▸ Task prompt:
Below are records. Copy every line with "Waterproof" in it.
──────
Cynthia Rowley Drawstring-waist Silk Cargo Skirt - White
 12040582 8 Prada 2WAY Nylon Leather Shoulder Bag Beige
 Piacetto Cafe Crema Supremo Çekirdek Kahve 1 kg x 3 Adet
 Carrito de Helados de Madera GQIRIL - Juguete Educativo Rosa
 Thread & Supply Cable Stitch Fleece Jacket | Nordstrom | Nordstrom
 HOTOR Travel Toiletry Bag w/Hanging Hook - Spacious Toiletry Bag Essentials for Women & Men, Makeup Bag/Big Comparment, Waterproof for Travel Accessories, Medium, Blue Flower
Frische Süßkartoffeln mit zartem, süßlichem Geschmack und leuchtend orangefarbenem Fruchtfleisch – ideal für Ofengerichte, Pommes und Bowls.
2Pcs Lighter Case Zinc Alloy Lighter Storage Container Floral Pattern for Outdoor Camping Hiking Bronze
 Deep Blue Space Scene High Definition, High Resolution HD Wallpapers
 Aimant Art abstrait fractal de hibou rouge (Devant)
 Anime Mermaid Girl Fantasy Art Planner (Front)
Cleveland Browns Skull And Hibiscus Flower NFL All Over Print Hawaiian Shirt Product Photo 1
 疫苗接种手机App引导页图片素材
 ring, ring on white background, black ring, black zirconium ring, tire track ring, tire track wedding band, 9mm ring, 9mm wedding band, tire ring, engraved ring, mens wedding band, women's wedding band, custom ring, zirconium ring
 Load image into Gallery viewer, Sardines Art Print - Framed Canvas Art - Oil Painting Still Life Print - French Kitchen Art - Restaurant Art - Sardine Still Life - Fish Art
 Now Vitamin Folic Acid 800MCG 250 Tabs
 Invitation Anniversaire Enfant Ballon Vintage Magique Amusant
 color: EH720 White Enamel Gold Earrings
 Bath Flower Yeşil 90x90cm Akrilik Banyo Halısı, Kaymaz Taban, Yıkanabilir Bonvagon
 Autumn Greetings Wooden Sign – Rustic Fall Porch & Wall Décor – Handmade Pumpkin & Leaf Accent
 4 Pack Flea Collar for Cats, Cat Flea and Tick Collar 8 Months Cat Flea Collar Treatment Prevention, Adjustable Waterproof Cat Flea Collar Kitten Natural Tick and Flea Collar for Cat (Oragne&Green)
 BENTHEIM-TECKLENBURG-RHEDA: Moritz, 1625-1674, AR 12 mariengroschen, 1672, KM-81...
──────
▸ Answer area:
 HOTOR Travel Toiletry Bag w/Hanging Hook - Spacious Toiletry Bag Essentials for Women & Men, Makeup Bag/Big Comparment, Waterproof for Travel Accessories, Medium, Blue Flower
 4 Pack Flea Collar for Cats, Cat Flea and Tick Collar 8 Months Cat Flea Collar Treatment Prevention, Adjustable Waterproof Cat Flea Collar Kitten Natural Tick and Flea Collar for Cat (Oragne&Green)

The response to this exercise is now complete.